Category: Unix or Linux


shell script used to extract zip file


exec 1>/tmp/dbProcess.${$}.log;
exec 2>/tmp/dbProcess.${$}.debug;

7z e VDPECMclaim_fy2004q1.zip;
7z e VDPECMclaim_fy2004q2.zip;

rm VDPECMclaim_fy2004q1.zip;
rm VDPECMclaim_fy2004q2.zip;

tail VDPECMclaim_fy2004q1.txt > out2004Q01.txt;
tail VDPECMclaim_fy2004q2.txt > out2004Q02.txt;

wc -l out2004Q01.txt;
wc -l out2004Q02.txt;

wc -l VDPECMclaim_fy2004q1.txt;
wc -l VDPECMclaim_fy2004q2.txt;

rm VDPECMclaim_fy2004q1.txt;
rm VDPECMclaim_fy2004q2.txt;

# second part
7z e VDPECMclaim_fy2004q3.zip;
7z e VDPECMclaim_fy2004q4.zip;

rm VDPECMclaim_fy2004q3.zip;
rm VDPECMclaim_fy2004q4.zip;

tail VDPECMclaim_fy2004q3.txt > out2004Q03.txt;
tail VDPECMclaim_fy2004q4.txt > out2004Q04.txt;

wc -l out2004Q03.txt;
wc -l out2004Q04.txt;

wc -l VDPECMclaim_fy2004q3.txt;
wc -l VDPECMclaim_fy2004q4.txt;

rm VDPECMclaim_fy2004q3.txt;
rm VDPECMclaim_fy2004q4.txt;

#third part
7z e VDPECMclaim_fy2005q1.zip;
7z e VDPECMclaim_fy2005q2.zip;

rm VDPECMclaim_fy2005q1.zip;
rm VDPECMclaim_fy2005q2.zip;

tail VDPECMclaim_fy2005q1.txt > out2005Q01.txt;
tail VDPECMclaim_fy2005q2.txt > out2005Q02.txt;

wc -l out2005Q01.txt;
wc -l out2005Q02.txt;

wc -l VDPECMclaim_fy2005q1.txt;
wc -l VDPECMclaim_fy2005q2.txt;

rm VDPECMclaim_fy2005q1.txt;
rm VDPECMclaim_fy2005q2.txt;


I am going to give a background on why I am writing about this error.  If you need to know how to fix it, go to the section that says, using p7zip.

The reason I began using a unix emulator (cygwin) was so that I can accomplish row counts on large data files.  The counts needed to be completed prior to being uploaded to a database.
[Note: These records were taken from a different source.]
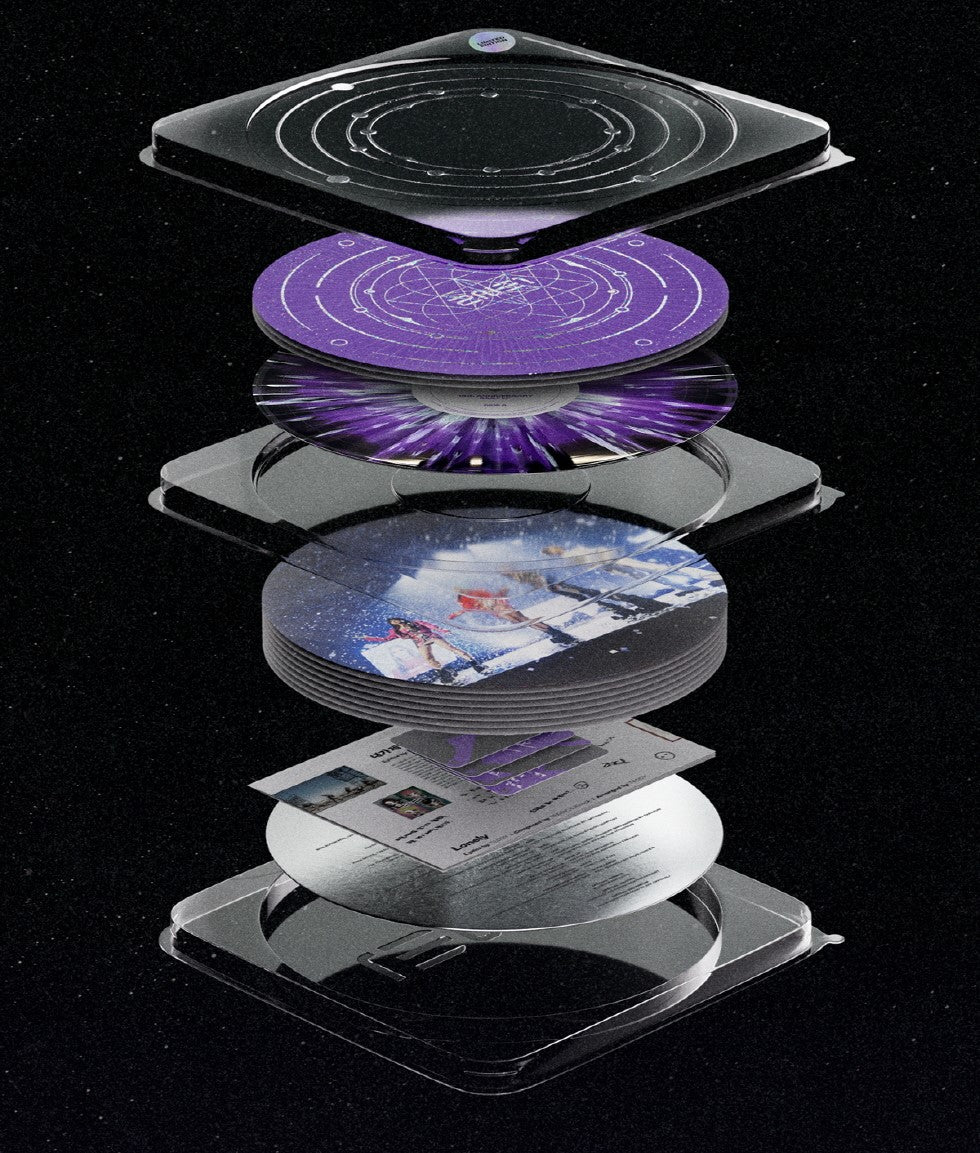 2NE1 レコード 15TH ANNIVERSARY BEST LP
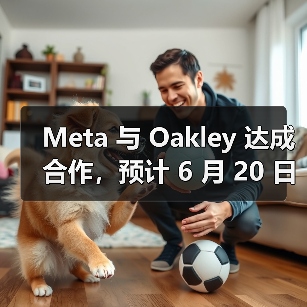 Meta 与 Oakley 达成合作，预计 6 月 20 日公布智能眼镜新品（图2）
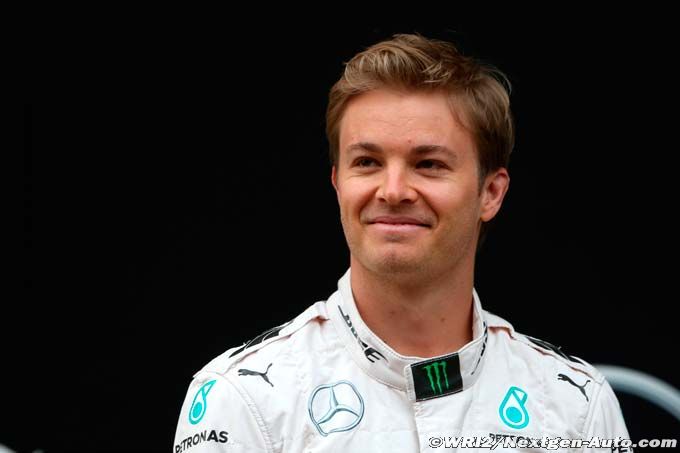 Rosberg pas satisfait des prises (...)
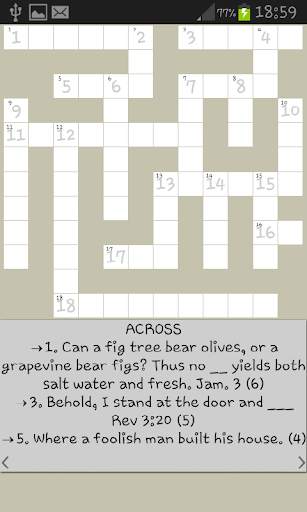 Bible Crossword screenshot 4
The files I was given were large in nature (3-4 gigs on average).  They were provided to me in a DVD as compressed files.  Sometimes they were compressed as .zip, .gz and .rar files

Cygwin comes equipped with gunzip by default, at least I don’t remember having to install it.  So for the gzip files, I would write:

gunzip -d archive_name.gz

This will not only extract your file, but it will get rid of the gz file and only leave the archived contents.

For the initial zip files that I encountered, I used:

unzip zip_file_name.zip

This did the trick until I received the following error: skipping: file.txt  need PK compat. v4.5 (can do v2.1) where file.txt was the name of my file.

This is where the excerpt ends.